Leerink analysts said the results showcase the strength of health insurance fundamentals as utilization remains particularly weak, while exits from the Obamacare marketplaces are driving a meaningful improvement in claims experience.

Aetna shares were up 3.8 percent at $160.60 in premarket trading on Thursday.

Republican lawmakers have vowed to repeal and replace former President Barack Obama's signature healthcare law, but have not agreed on the means of dismantling it, creating uncertainty about how the program would be run and whether it would be fully funded.

Net profit rose to $1.20 billion, or $3.60 per share, in the second quarter ended June 30, from $791 million, or $2.23 per share, a year earlier.

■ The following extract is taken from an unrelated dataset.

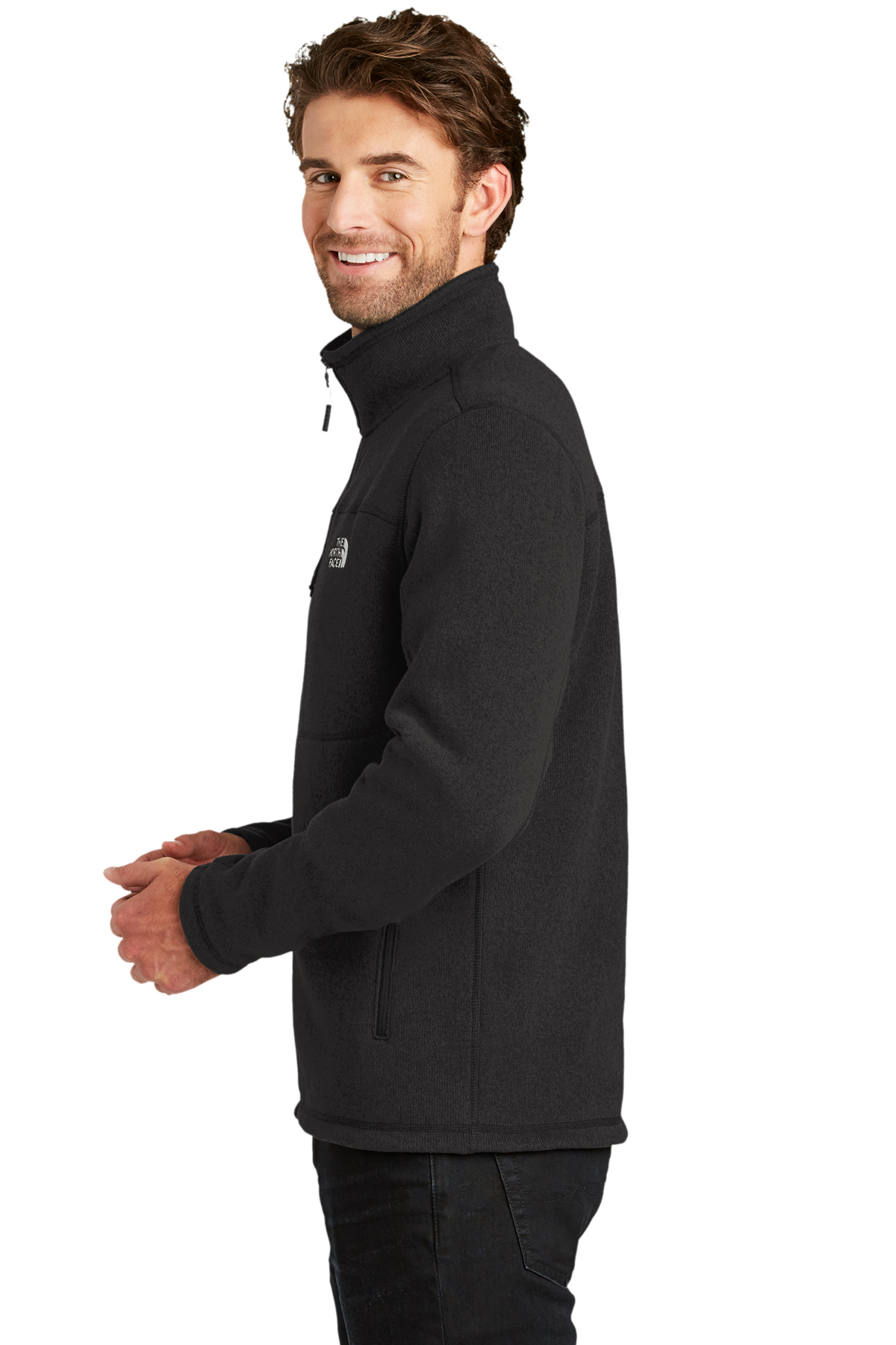 The North Face Sweater Fleece Jacket, Product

Excluding items, Aetna earned $3.42 per share, blowing past analysts' average estimate of $2.35, according to Thomson Reuters I/B/E/S.

Aetna said in May it would exit the 2018 Obamacare individual insurance market in Delaware and Nebraska - the two remaining states where it offered the plans.

"Our strong second-quarter results speak to our continued focus on disciplined pricing and execution of our targeted growth strategy," Aetna CEO Mark Bertolini said.

Adjusted revenue came in at about $15.50 billion, ahead of the average analyst estimate of $15.39 billion. However, total revenue fell nearly 3 percent to $15.52 billion.

The company raised its adjusted earnings forecast to $9.45 per share to $9.55 per share for the full year 2017, from $8.80 per share to $9.00 per share.